This post was written as part of the late-film blogathon, an event created by David Cairns, proprietor of Shadowplay, the internet's finest film blog, to encourage greater consideration of the often-neglected later works of cinema's greatest directors, producers, writers and actors. I don't have anything on them, but here's a piece about one of their brothers.
The Ince brothers, John, Thomas and Ralph—the sons of Victorian vaudeville performers—were a pretty big deal in early Hollywood. Between them, they acted in or directed more than 500 shorts and feature-length silent pictures, most of which were produced by their own companies.
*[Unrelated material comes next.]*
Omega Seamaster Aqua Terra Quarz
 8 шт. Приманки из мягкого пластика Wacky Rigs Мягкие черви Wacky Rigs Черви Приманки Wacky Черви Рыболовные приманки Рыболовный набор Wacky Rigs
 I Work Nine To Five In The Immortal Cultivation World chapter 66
Thomas Ince, the middle brother, is the only one of the three to be remembered to any significant degree, and that's mainly because he was (supposedly) shot dead by William Randolph Hearst while Hearst was trying to kill Charlie Chaplin. However, before he died, in 1925, he had built the first modern movie studio—complete with stages, back-lots with permanent street sets, processing labs and an on-site colony of cowboy and Indian extras—and established many of the conventions of Hollywood’s industrial system, from the use of detailed shooting scripts to the notion of having the producer, rather than the director, as the person in charge of every stage of the film.
Ralph, the youngest brother, was considered to be a better director than Thomas and was also hailed as “the greatest actor of the Ince family”. He made frequent appearances in the early gossip columns, fighting over women, punching inquisitive reporters and getting in various other newsworthy scrapes (including being knocked out by a robber using chloroform and, on another occasion, having a three-inch fishing hook embedded in his skull). He died in a car crash in 1937, while making a film in England.
The oldest Ince brother, John, born in 1878, was considerably less well regarded than Thomas the genius and Ralph the hellraiser. He directed a number of two-reelers for Thomas’s studio, and a dozen or so longer melodramas with titles such as, Should a Woman Tell?, few of which attracted much comment at the time and none of which appear to have survived. He starred in a good deal of his own films, and in many other people’s. His most noteworthy leading role was in Fate (1921), a film about a sensational real-life murder in which the real-life murderer, Clara Smith, played herself:
In the publicity material, Clara Smith praised John’s acting, saying, “Mr Ince so strikingly resembles Mr Hamon and is so realistic that I have many times been on the verge of fainting as the dreadful events were re-enacted.” Nevertheless, the film bombed.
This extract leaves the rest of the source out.